UCMC promotes peaceful approaches to clan-related conflict through media products and facilitated community dialogues. The program mobilizes youth and women, traditionally non-active players in these conflicts, by providing training in peacebuilding, facilitation, and media skills such as story writing, producing, and editing videos.
Abdikadir Ahmed supports UCMC partners in producing documentaries, dramas, talk shows and articles promoting peaceful approaches to clan-related conflict and highlighting ways for women and youth in particular to work for peace in their communities. Through other IREX media support programs, Abdikadir has worked to improve the professional and business capacity of Somali media outlets, as well as to support efforts to construct a democratic legal framework for the media.
When asked his views on media development in the region, Abdikadir explains that a lack of a coordination among media associations and the absence of a comprehensive legal framework remain a frustrating reality, hindering protection of the right to freedom of expression in Somalia.
Still, Abdikadir expresses optimism regarding the future of independent media in Somalia.
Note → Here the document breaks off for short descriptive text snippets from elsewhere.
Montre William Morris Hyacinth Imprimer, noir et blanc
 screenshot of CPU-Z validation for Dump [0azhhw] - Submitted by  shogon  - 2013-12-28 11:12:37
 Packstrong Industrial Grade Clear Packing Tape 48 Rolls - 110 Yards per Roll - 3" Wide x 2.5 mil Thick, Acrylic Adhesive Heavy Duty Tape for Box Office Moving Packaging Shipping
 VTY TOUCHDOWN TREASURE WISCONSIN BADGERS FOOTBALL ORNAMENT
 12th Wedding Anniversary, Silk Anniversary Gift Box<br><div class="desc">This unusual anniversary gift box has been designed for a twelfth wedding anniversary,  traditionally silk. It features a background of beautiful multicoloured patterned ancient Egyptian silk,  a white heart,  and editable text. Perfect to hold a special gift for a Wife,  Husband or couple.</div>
There are a significant and growing number of media outlets in Somalia including websites and many radio and television stations.
In addition, nearly all the radio and TV media outlets have correspondents throughout the country, with one radio station employing over 40 people, for example. Because Somali journalists have a presence even in the smaller cities of the country, Somali citizens can be well informed of current events all over the country by visiting only a few of these websites.
One of the most exciting aspects of the evolving Somali media environment, Abdikadir says, is how the media outlets are sustained more and more by young people. Many employees, aware that they will not be paid for their work, are young volunteers who join only to build their media professional capacity. The substantial number of Somali youth who join these outlets indicate a newfound passion in choosing media as their professional career in Somalia and reflects a promising trend for the Somali media.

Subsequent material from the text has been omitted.